Newspapers everywhere are tinkering with “metered paywalls” in the hopes of hitting on the right mix of exclusion and access. The Los Angeles Times became the latest such paywall player last month, limiting readers to 15 stories a month unless they pay for a digital subscription.
The strategy appears sound but, according to one analyst, the LA Times may have botched the execution by erecting a “rock solid” wall rather than a porous screen used at other papers.
“The way they rolled it out and instituted it was very inelegant,” according to Marissa Gluck, managing partner at Radar Research.
Gluck says the LA Times implemented its barrier too abruptly and failed to allow readers to access more content through the back door of social media. She says this contrasts with the New York Times, which made a strategic decision to let its paywall be “very permeable.”
So what does this mean in practice? Well, here’s what happened after I had used up my 15 free articles.
Someone posted an LA Times story on my Facebook page:
But when I tried to click through and read it, this is what happened:
This bucks the prevailing wisdom at other publications which holds that socially shared content is too valuable to put behind a paywall.
Nancy Sullivan, LA Times VP of communications, says the newspaper’s paywall strategy was unrolled very deliberatively and that executives studied not just other publications but platforms like Amazon and iTunes. She added that the program has so far been a success:
“We are very pleased with the initial reader, advertiser and industry reaction to our membership program. In the 4 weeks since launch, we’ve seen extensive activation amongst existing home delivery customers and many new members have joined.”

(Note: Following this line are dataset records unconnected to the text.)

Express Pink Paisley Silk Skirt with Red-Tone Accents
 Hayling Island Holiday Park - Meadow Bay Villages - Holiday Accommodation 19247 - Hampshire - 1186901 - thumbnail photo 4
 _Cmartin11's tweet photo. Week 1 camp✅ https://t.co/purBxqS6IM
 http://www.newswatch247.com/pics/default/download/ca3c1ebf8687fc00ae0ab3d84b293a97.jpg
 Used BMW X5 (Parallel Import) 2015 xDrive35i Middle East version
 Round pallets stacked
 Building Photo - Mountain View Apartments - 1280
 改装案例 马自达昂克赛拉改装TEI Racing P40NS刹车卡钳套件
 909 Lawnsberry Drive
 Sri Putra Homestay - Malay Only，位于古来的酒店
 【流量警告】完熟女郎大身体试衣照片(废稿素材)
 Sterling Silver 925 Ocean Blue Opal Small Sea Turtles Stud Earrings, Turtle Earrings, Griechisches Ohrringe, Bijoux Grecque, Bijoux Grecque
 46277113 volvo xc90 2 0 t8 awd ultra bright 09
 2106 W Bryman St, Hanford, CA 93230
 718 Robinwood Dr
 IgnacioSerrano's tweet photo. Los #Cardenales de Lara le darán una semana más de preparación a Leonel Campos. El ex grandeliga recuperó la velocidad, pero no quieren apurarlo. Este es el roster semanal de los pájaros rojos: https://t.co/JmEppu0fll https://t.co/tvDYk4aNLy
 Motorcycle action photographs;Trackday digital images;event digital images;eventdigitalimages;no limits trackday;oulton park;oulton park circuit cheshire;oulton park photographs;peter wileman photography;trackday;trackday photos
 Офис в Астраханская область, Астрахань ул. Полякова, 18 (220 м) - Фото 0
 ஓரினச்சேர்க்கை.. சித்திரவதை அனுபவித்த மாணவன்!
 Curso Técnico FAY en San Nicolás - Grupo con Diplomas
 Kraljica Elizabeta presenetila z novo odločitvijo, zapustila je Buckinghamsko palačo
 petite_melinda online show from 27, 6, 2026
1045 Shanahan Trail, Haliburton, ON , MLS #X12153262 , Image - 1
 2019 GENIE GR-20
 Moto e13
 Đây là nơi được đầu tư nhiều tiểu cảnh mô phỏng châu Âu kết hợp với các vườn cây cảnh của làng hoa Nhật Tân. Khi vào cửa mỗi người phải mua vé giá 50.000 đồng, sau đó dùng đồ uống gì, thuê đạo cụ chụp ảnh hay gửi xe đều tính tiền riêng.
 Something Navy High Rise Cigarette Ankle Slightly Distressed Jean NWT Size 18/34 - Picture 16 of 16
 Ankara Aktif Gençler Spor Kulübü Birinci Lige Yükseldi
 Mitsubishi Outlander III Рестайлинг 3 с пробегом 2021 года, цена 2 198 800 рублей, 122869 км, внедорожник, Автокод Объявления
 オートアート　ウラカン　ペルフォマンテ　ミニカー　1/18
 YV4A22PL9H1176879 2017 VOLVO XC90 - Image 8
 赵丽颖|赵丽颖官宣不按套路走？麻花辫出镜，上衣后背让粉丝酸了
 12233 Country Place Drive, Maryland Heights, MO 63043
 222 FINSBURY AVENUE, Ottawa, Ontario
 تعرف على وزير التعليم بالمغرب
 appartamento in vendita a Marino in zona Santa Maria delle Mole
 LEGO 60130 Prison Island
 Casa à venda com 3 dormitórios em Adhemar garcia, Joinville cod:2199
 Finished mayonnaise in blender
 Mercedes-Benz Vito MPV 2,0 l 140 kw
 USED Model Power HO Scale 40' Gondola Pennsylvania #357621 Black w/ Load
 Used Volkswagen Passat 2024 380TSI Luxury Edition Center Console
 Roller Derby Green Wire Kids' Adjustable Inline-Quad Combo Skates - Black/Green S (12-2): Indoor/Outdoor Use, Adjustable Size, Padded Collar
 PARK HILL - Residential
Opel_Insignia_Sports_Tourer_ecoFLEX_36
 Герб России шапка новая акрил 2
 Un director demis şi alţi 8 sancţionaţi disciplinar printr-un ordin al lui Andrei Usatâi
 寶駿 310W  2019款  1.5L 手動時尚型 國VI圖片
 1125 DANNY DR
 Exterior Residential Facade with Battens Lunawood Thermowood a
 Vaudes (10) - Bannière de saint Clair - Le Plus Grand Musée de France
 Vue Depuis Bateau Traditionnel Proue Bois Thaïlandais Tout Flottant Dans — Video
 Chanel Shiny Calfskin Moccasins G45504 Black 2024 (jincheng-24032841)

The LA Times is also offering a number of carrots to go with its article limit stick. These include offering subscribers discounts and special seats at events. And, intriguingly, the publication is offering “members” early sneak peaks of columns by people like celebrity food writer Jonathan Gold.
This “subscriber as member” notion could catch on, but the paper may consider a softer sell than the big black box pictured above.
The paywall process remains an evolving one for the LA Times and others. Gannett, for instance, is poised to gain valuable marketing insight as it tweaks the meter on at least 80 different papers in the coming year.
Overall, though, papers must still wrestle with the fact that they are not “digital natives” like the Huffington Post. As Matthew Ingram noted yesterday, hybrid publications are distracted as they try to grow their digital business while also squeezing the remain profit out of their legacy print products.
But what the old-time paper pushers do have is the power of their brands. The Economist has already become a nimble digital property — there seems to no reason why great brands like the New York Times and the LA Times can’t do the same. The only question is whether they will figure it out before the sands in the print hourglass run out.